Rewind five years from that Renault season and Harvey was still struggling to establish himself even within the modest framework of the 1988 BTCC. He wasn’t long out of MG Metro racing and his single-seater aspirations had been quashed through a nasty foot injury in a Formula Ford race. He was thrown a lifeline by Terry Drury, a former racer and loveable wheeler-dealer who specialised in building outrageously chipped Sierra Cosworth engines. For ’88 he’d got his hands on a Touring Car RS500, but had very little money to run it, partly explaining his permanent grease-monkey appearance. Harvey still quakes at the memory of that car.
“It was a combination of rally car bits that he’d got out of the back door at Ford, road car bits and some Group A bits. So sometimes we’d have a standard gearbox in it, sometimes a standard duff but the one thing we always had was loads of horsepower. But it was all fairly unusable in that it arrived with a massive chunk of turbo boost, toluene fuel I think it was NASA research stuff and Christ-knows what else.” It was a common sight to see the paint around the filler of the car blistered from the spilt fuel…
“Considering how much he ran it on, Terry did very, very well. But I really did fear fur my safety. He was buying second-hand tyres from other teams, and we didn’t have proper brakes.” All this on 550bhp plus. “I remember one day at Silverstone, Andy Rouse was testing his RS500 and Terry was just determined that we were going to go quicker, so he just kept winding the boost up and on the old Silverstone GP circuit I was putting my foot down in fifth gear and having it spin both wheels. That was the most powerful Sierra I ever drove, but it was a bit like having an F1 engine in your road car. It was an animal. We did end up quickest on the day though.”
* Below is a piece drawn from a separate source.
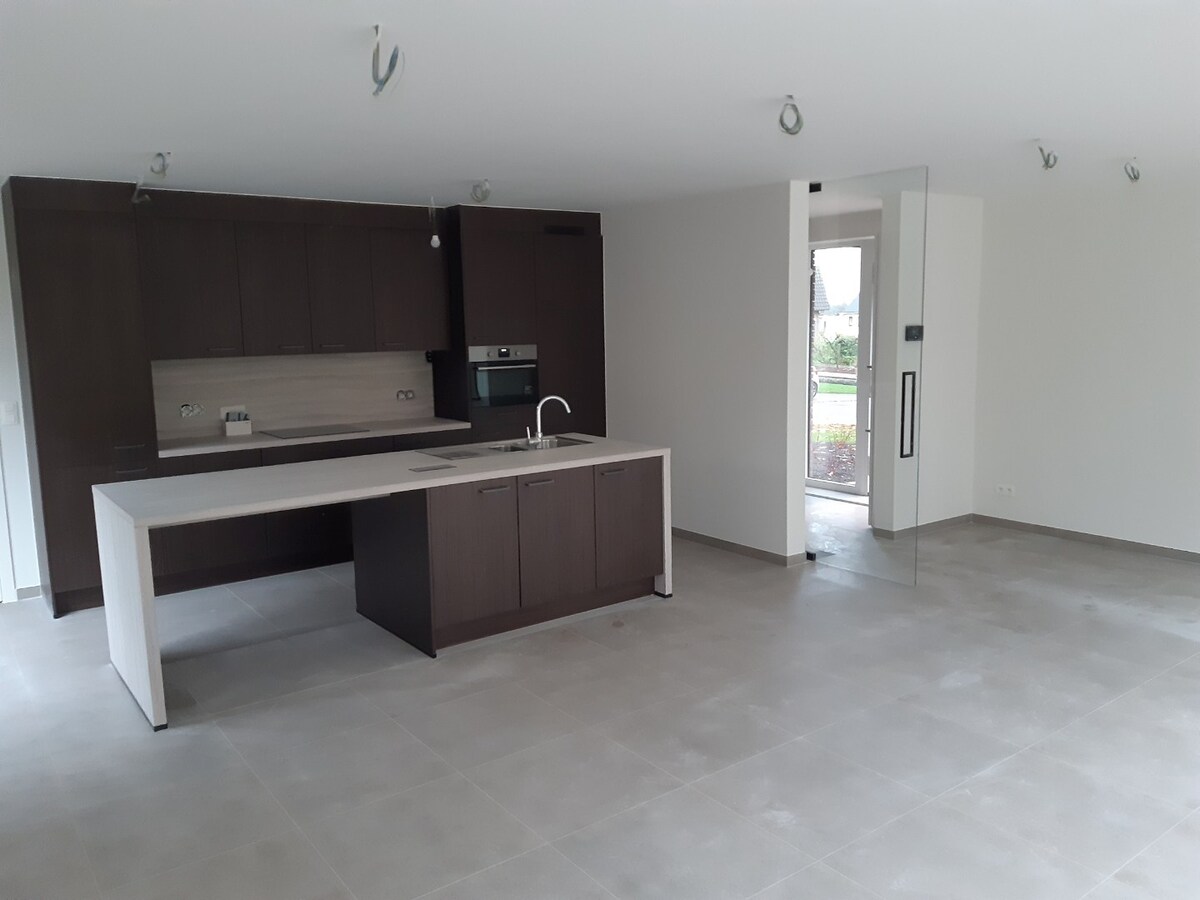 BEN-woning in het pittoreske Dikkelvenne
In the early part of the season Rudi Eggenberger who ran the works RS500s in the German, European and World Touring Car championships brought one of his machines over to race at Thruxton. Harvey was there in his Drury parts-special. “At that time,” remembers Harvey with a cringe, “I was still trying to build a career for myself and Eggenberger was someone that I would have liked to impress. So we’re waiting to go out and Terry wanders over to him and asks him straight, ‘How much horsepower have you got?’ Rudi looked a bit perplexed and obviously didn’t answer the question, whereupon Terry told him that if he didn’t have 600bhp he was wasting his time, didn’t know how to build an engine and might as well go home. I sunk right into the background and thought if there’d ever been a chance of me driving for Rudi, it was well and truly gone now.” Needless to say, Eggenberger’s car won the race. And Tim’s? It broke.